Des images défilent en accéléré : Laïka, la chienne apeurée dans sa sonde spatiale, le premier vol d’une caravelle, le big bang et les spermatozoïdes. Des découvertes fulgurantes et palpitantes. L’institutrice, Madame Gratadour, me regarde. Sur fond de tableau noir, sa chevelure flamboyante et ondulée se détache. Ses lèvres semblent s’animer mais je n’entends rien. Ce n’est qu’après que les rangs se soient formés que je comprends qu’elle nous emmène une dernière fois au musée, surnom donné à une étroite pièce fraîche et sombre, seulement éclairée par de fins faisceaux lumineux traversant les persiennes. Sur des étagères en bois, chaque élève avait entreposé trois objets qui lui semblait dignes d’intérêt. Evidemment, je ne me rappelle que des miens. Une baratte à beurre poussiéreuse qui m’avait toujours intrigué, je crois qu’avant de trainer dans le garage, elle avait servi dans une étable creusoise, un fossile sablonneux de trilobite ramené des flancs de l’Atlas et une poupée de chiffons bariolée. Une certaine fierté m’avait saisi lorsque l’assemblée des élèves avait adopté ma proposition scénographique pour l’entrée de la pièce : sur la porte en contreplaqué, un digicode en carton recouvert d’aluminium. Suspendue au plafond, prête à tomber en cas d’erreur, une épée en mousse peinte à la bombe. Le pouvoir dissuasif de l’imaginaire.

Mon corps se réchauffe et  je me retourne pour resserrer la couette autour de moi. Les souvenirs disparaissent avant même d’avoir vécu, mais sans que je ne puisse contrôler la visionneuse qui se bloque sur l’image de cette poupée. Peut-être un costume créole. Des teintes vives, orange, fuchsia et mauve inondent mes synapses.
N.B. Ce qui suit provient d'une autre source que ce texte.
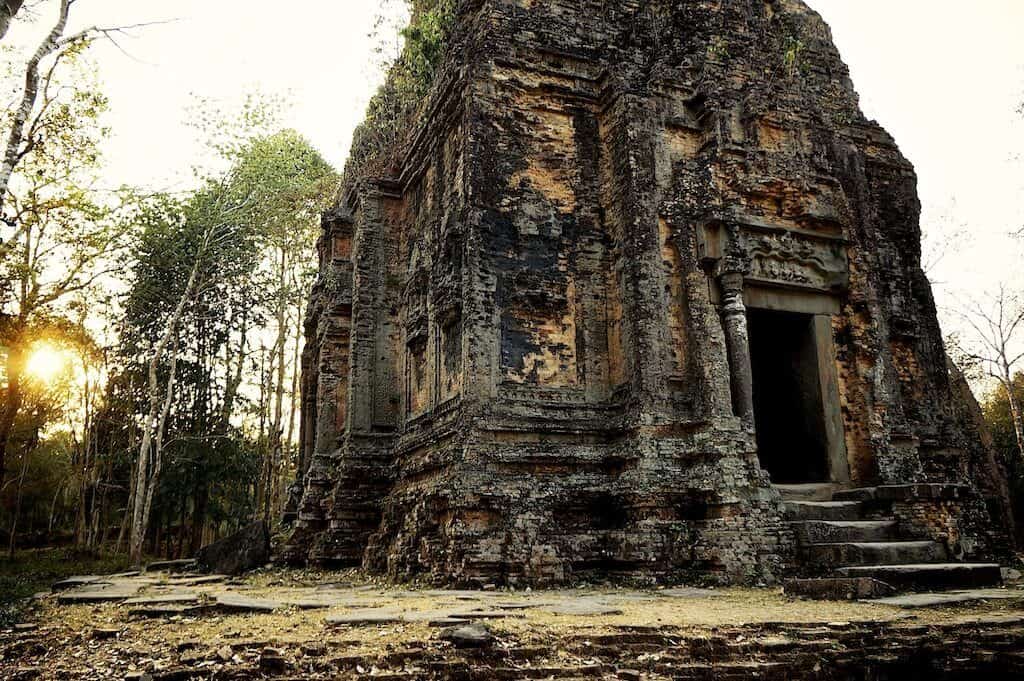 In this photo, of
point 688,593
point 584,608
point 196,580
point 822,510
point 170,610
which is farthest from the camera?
point 196,580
La couleur fauve des flammes qui lèchent Vaval, géant de papier mâché, avant qu’il ne s’écroule dans un tas de cendres. Des femmes aux coiffes de madras qui portent à leur bouche de petits accras frits. Et du néant apparaît une fillette en costume folklorique, assise seule sur un coin de pelouse, sous les branches d’un ravinala, l’arbre du voyageur. La gamine mâchouille un tourment d’amour. Que fait-elle ici sans adulte ? Hésite-t-elle à pleurer ? Vient-elle de se rendre compte de son égarement ? Nos regards se croisent, l’angoisse lui fait briller les yeux, je ne sais pas quoi faire. Le temps se suspend, autour de nous, des dizaines d’orchestres fous, des explosions, des cris que je ne comprends pas, des sirènes et surtout des femmes toutes en paillette comme j’en ai vu dans les publicités pour le Brésil, le dimanche après-midi chez Jacques Martin. A la périphérie de cette fourmilière, des hommes, les yeux injectés de sang, complètement défoncés au rhum, sortent leurs torses de voitures fumantes et rouillées. Un ballet de carcasses recouvertes de plaques de tôles sur lesquelles sont collées des collections de photos pornos. Je souris à la petite, me retourne et disparait à la suite de mes parents, une tignasse blonde engloutie dans un délire de zouk.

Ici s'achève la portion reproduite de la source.